### About this exercise
Without its pictures, the listing below is to be transcribed exactly.

### Input records
"""
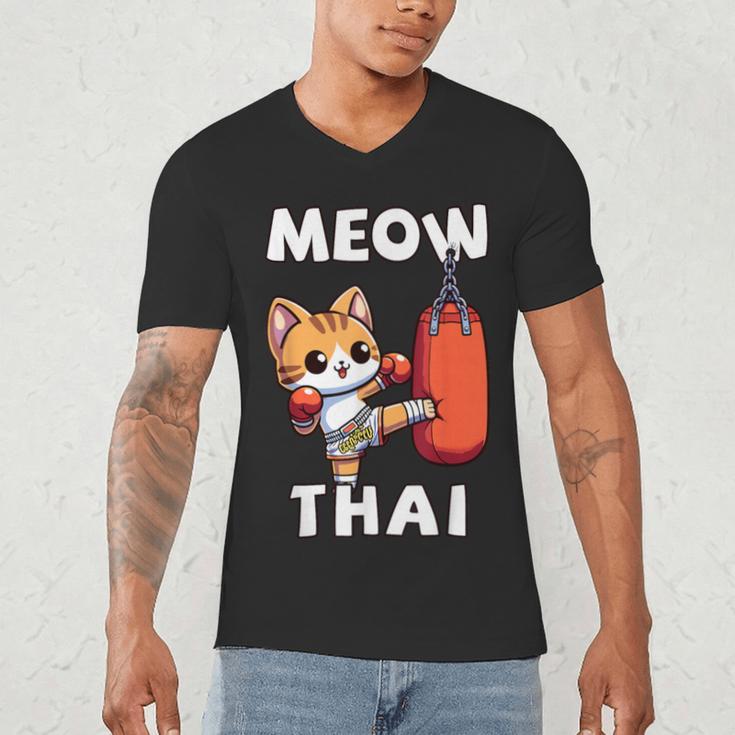 Muay Thai Meow Thai Thai Boxing For Boys Muay Thai Cat Men's V-Neck T-Shirt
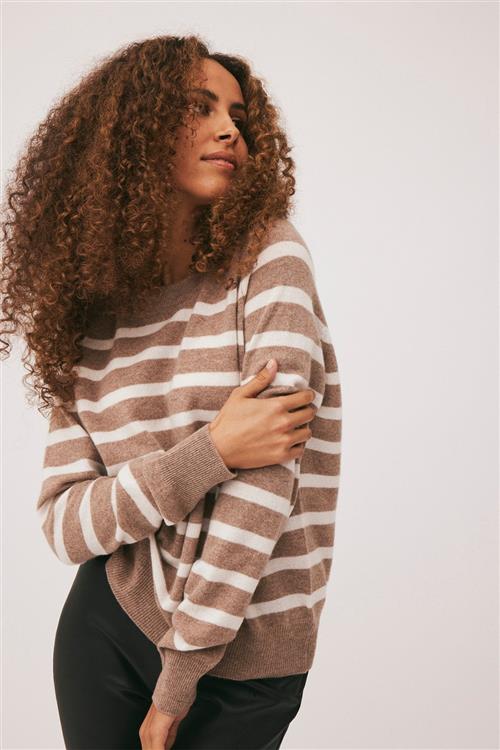 Magasin du Nord Collection Magasin Mabel 2 100 Cashmere Kvinde Off White / Sand Stripe Sweaters Str S Cashmere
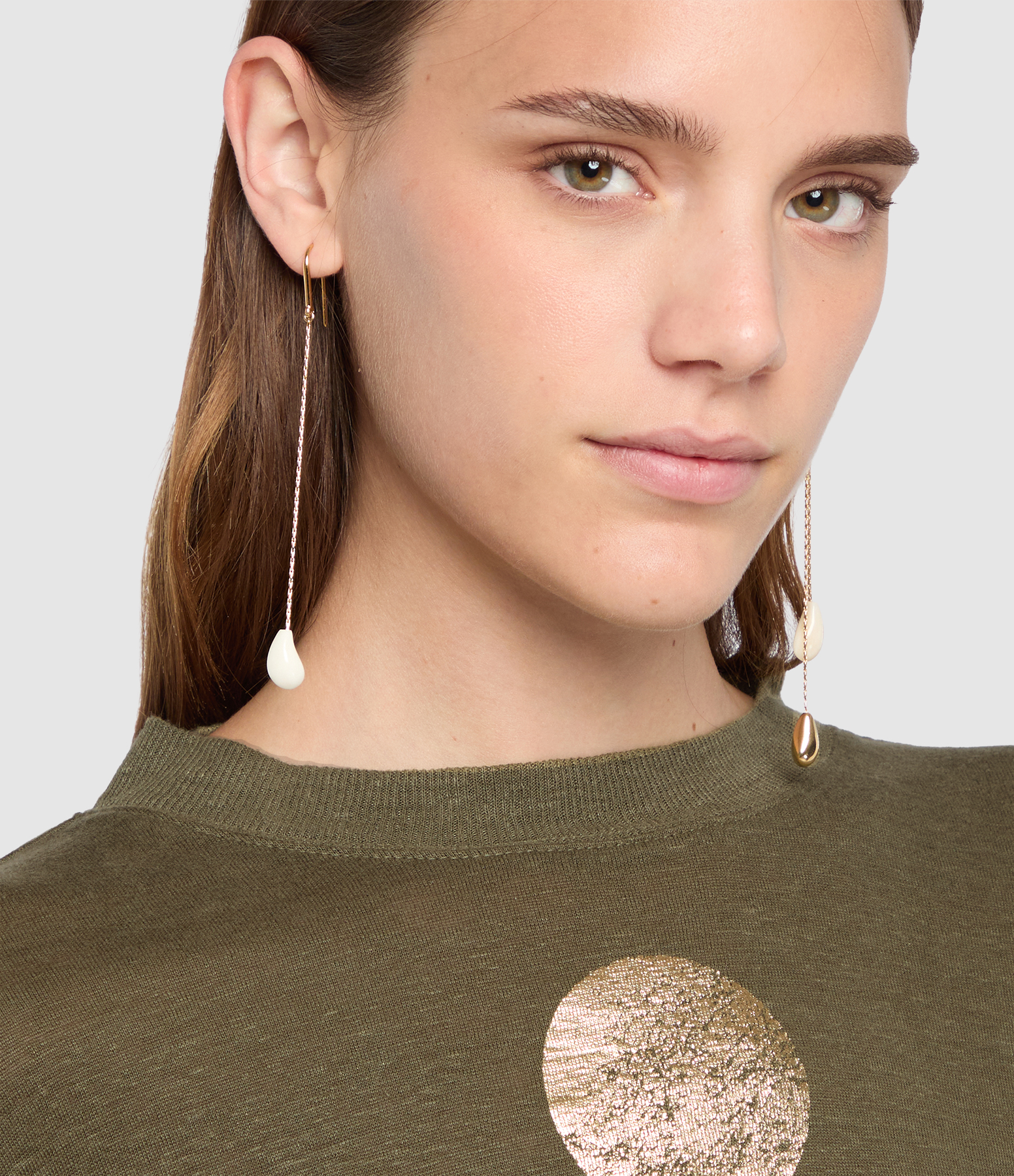 Asymmetric Ecru Earrings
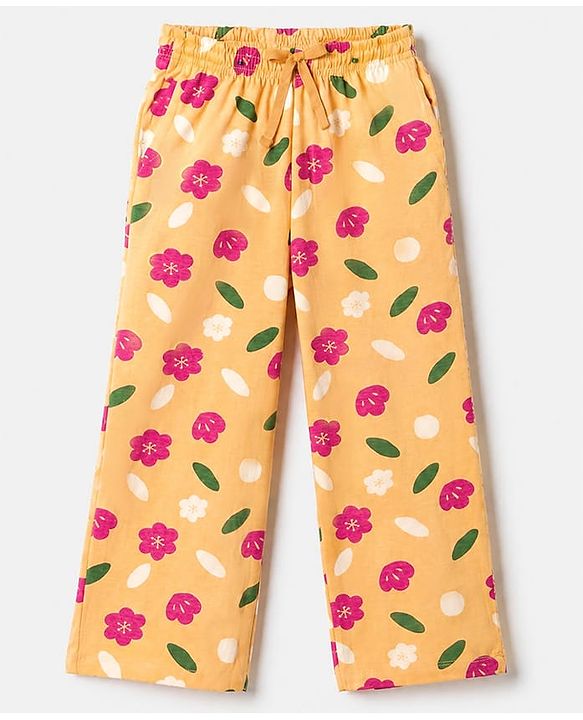 Pine Kids 100% Cotton Knit Full Sleeves Top & Pyjama Night Suit With Floral Print in Pink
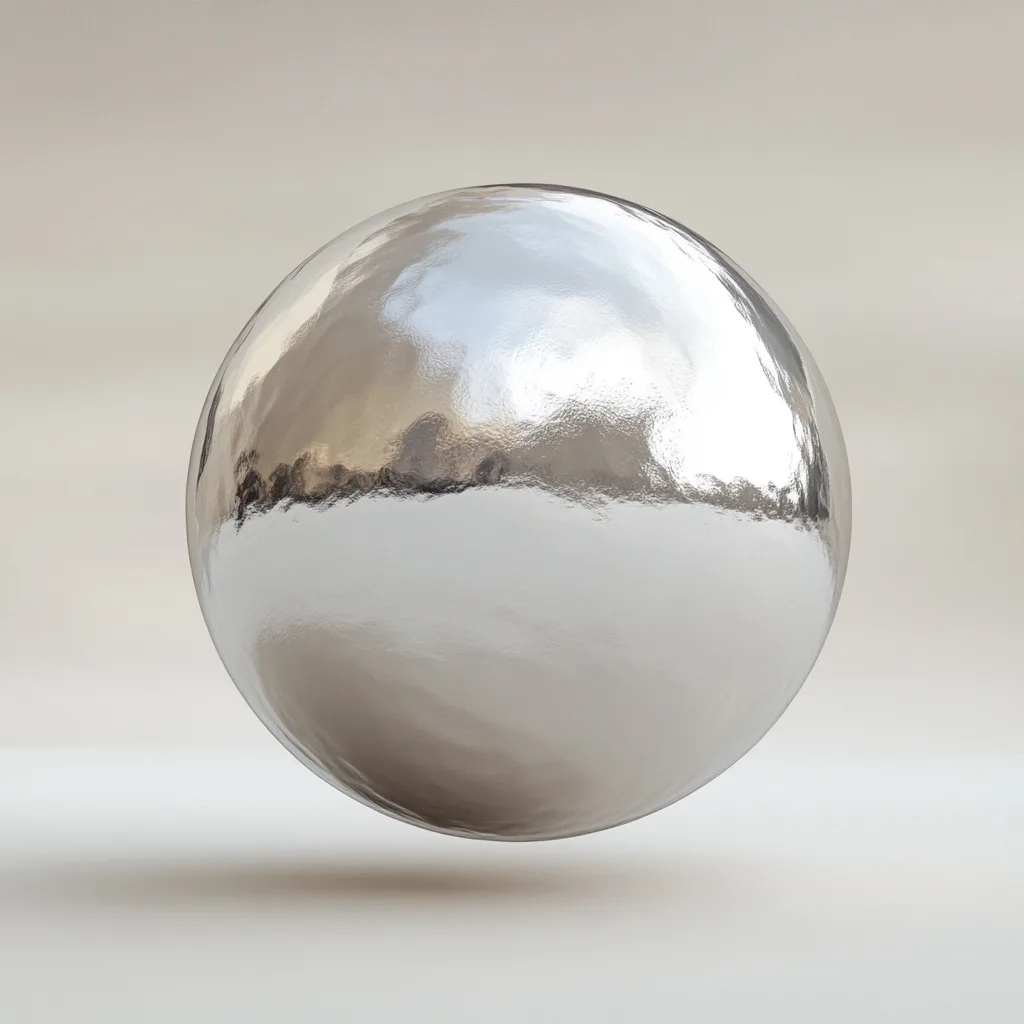 sphere of platinum floating alone in isolation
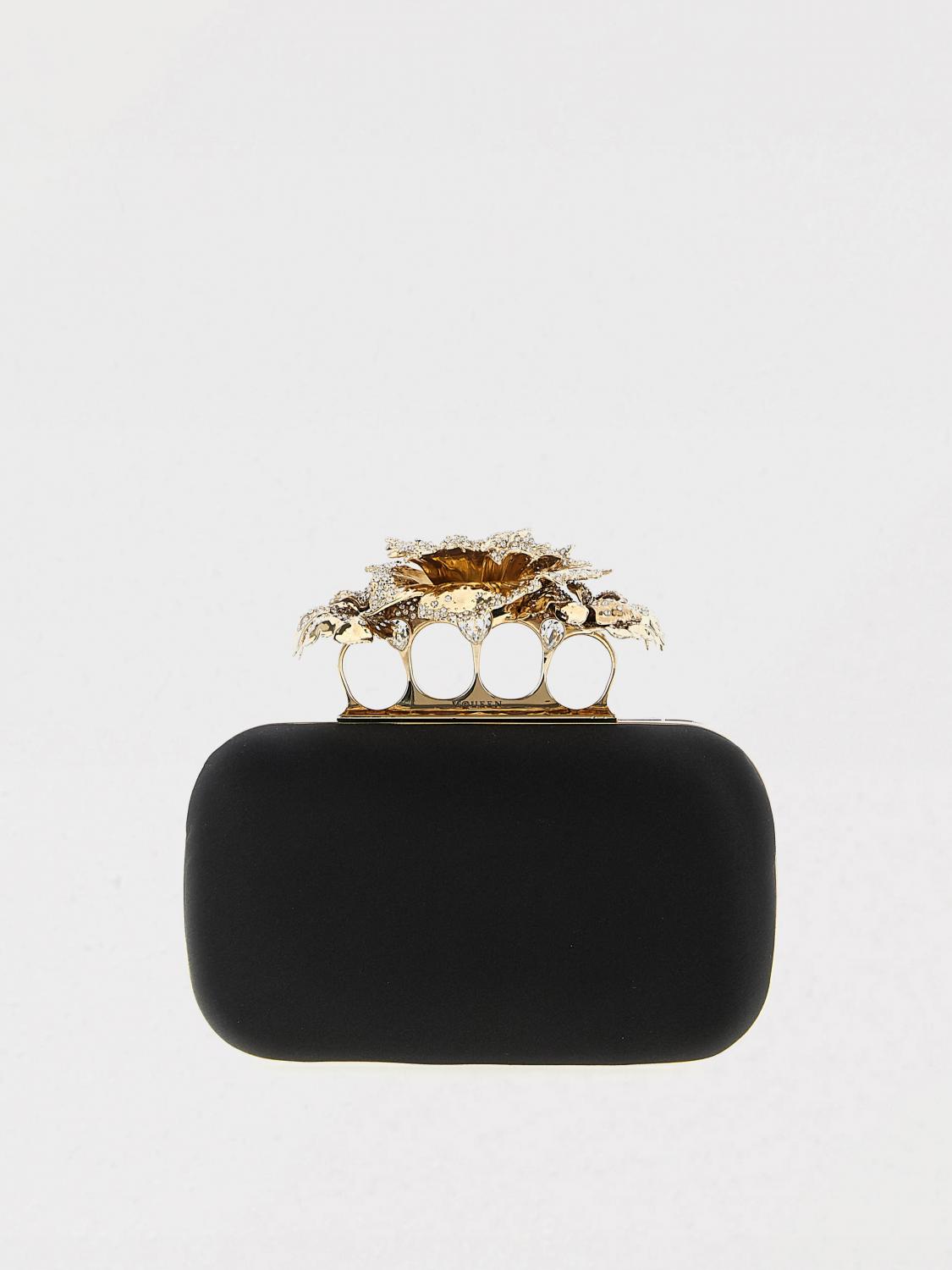 Alexander Mcqueen Floral Design Clutch Detachable Chain Strap In Black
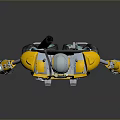 Yellow And Gray Robot Game Movie Character With Mechanical Armor Legs And Emblem
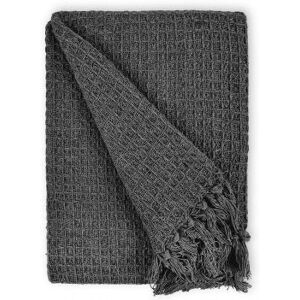 New Edge Blinds Waffle Collection Cotton Throw in Dark Grey Size: 228 cm x 254 cm Dark Grey 228 cm x 254 cm New Edge Blinds Waffle Collection Cotton Throw in Dark Grey Size: 228 cm x 254 cm Dark Grey 228 cm x 254 cm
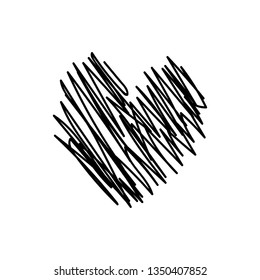 vector scribble line heart art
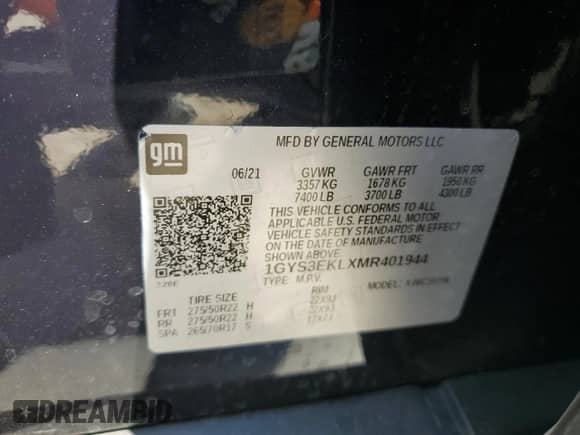 2021 Cadillac Escalade Sport with VIN 1GYS3EKLXMR401944, listed as a Copart auction lot 76787164 with 49,396 mi miles and Salvage title. Bid and sale history available at DreamBid. Image 13.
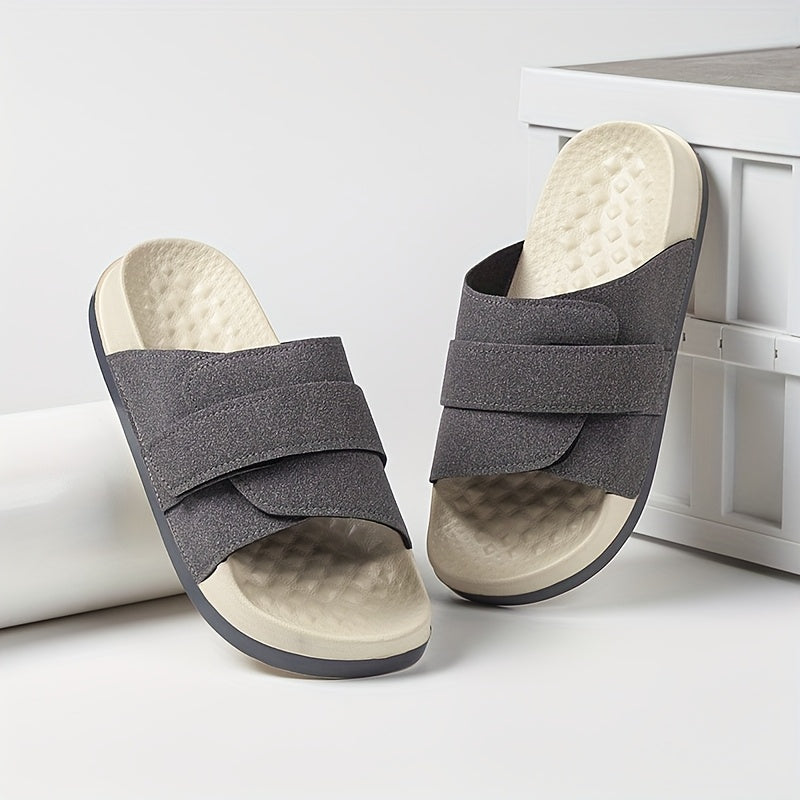 Men's Slippers with Hook and Loop Closure and EVA Sole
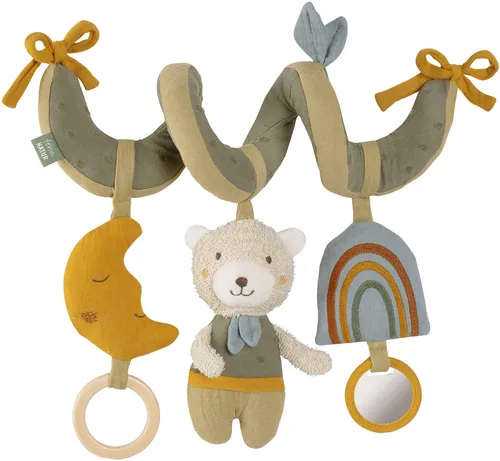 Fehn Activity Spirale Bär fehnNATUR - Motorikspielzeug für Babys - Greiflinge mit niedlichem Bären, Quietsche und Rassel fördern die Hand-Auge-Koordination und laden zum Fühlen und Greifen ein. Ideal für unterwegs und als Geschenk zur Geburt.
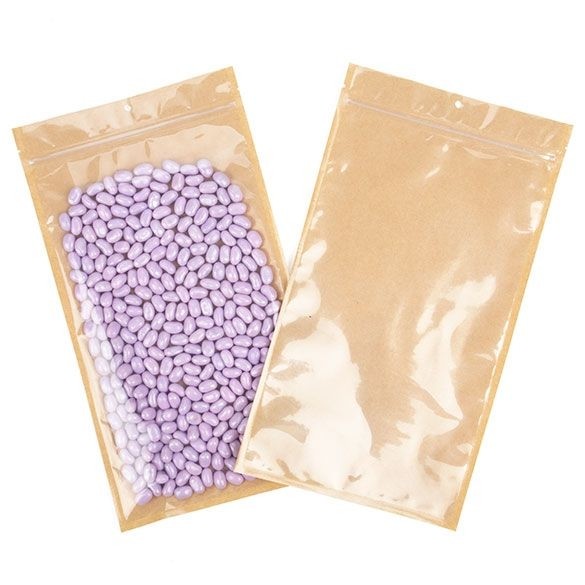 Kraft Barrier Bags with clear front 17.8 x 30.5 cm w/Tear Notches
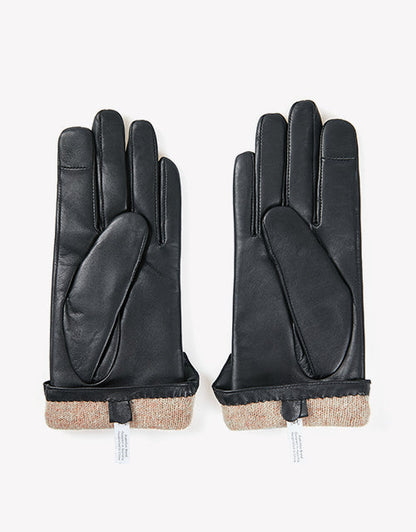 Australian Shepherd Sheepskin Wool Ladies Leather Gloves Belinda-Gloves-PEROZ Accessories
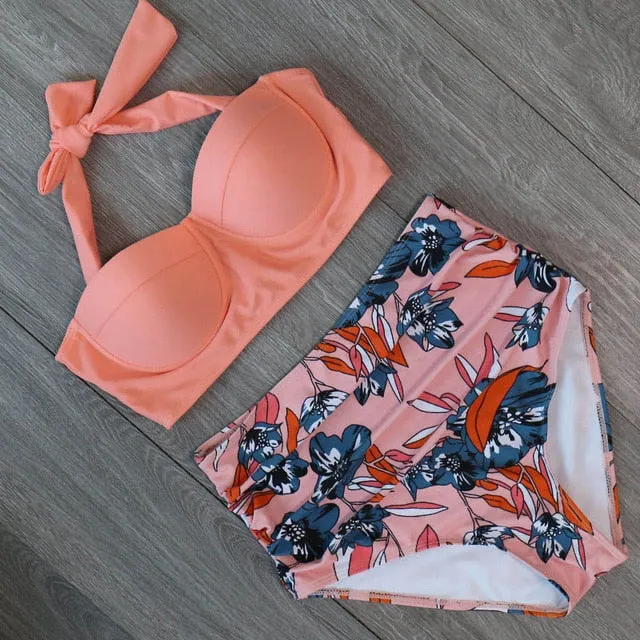 2019 High Waist Bikinis Women Swimsuit Plus Size Swimwear Bathing Suits Retro Floral Push Up Bikini Set Beach Wear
"""
### Task response
 Muay Thai Meow Thai Thai Boxing For Boys Muay Thai Cat Men's V-Neck T-Shirt
 Magasin du Nord Collection Magasin Mabel 2 100 Cashmere Kvinde Off White / Sand Stripe Sweaters Str S Cashmere
 Asymmetric Ecru Earrings
 Pine Kids 100% Cotton Knit Full Sleeves Top & Pyjama Night Suit With Floral Print in Pink
 sphere of platinum floating alone in isolation
 Alexander Mcqueen Floral Design Clutch Detachable Chain Strap In Black
 Yellow And Gray Robot Game Movie Character With Mechanical Armor Legs And Emblem
 New Edge Blinds Waffle Collection Cotton Throw in Dark Grey Size: 228 cm x 254 cm Dark Grey 228 cm x 254 cm New Edge Blinds Waffle Collection Cotton Throw in Dark Grey Size: 228 cm x 254 cm Dark Grey 228 cm x 254 cm
 vector scribble line heart art
 2021 Cadillac Escalade Sport with VIN 1GYS3EKLXMR401944, listed as a Copart auction lot 76787164 with 49,396 mi miles and Salvage title. Bid and sale history available at DreamBid. Image 13.
 Men's Slippers with Hook and Loop Closure and EVA Sole
 Fehn Activity Spirale Bär fehnNATUR - Motorikspielzeug für Babys - Greiflinge mit niedlichem Bären, Quietsche und Rassel fördern die Hand-Auge-Koordination und laden zum Fühlen und Greifen ein. Ideal für unterwegs und als Geschenk zur Geburt.
 Kraft Barrier Bags with clear front 17.8 x 30.5 cm w/Tear Notches
 Australian Shepherd Sheepskin Wool Ladies Leather Gloves Belinda-Gloves-PEROZ Accessories
 2019 High Waist Bikinis Women Swimsuit Plus Size Swimwear Bathing Suits Retro Floral Push Up Bikini Set Beach Wear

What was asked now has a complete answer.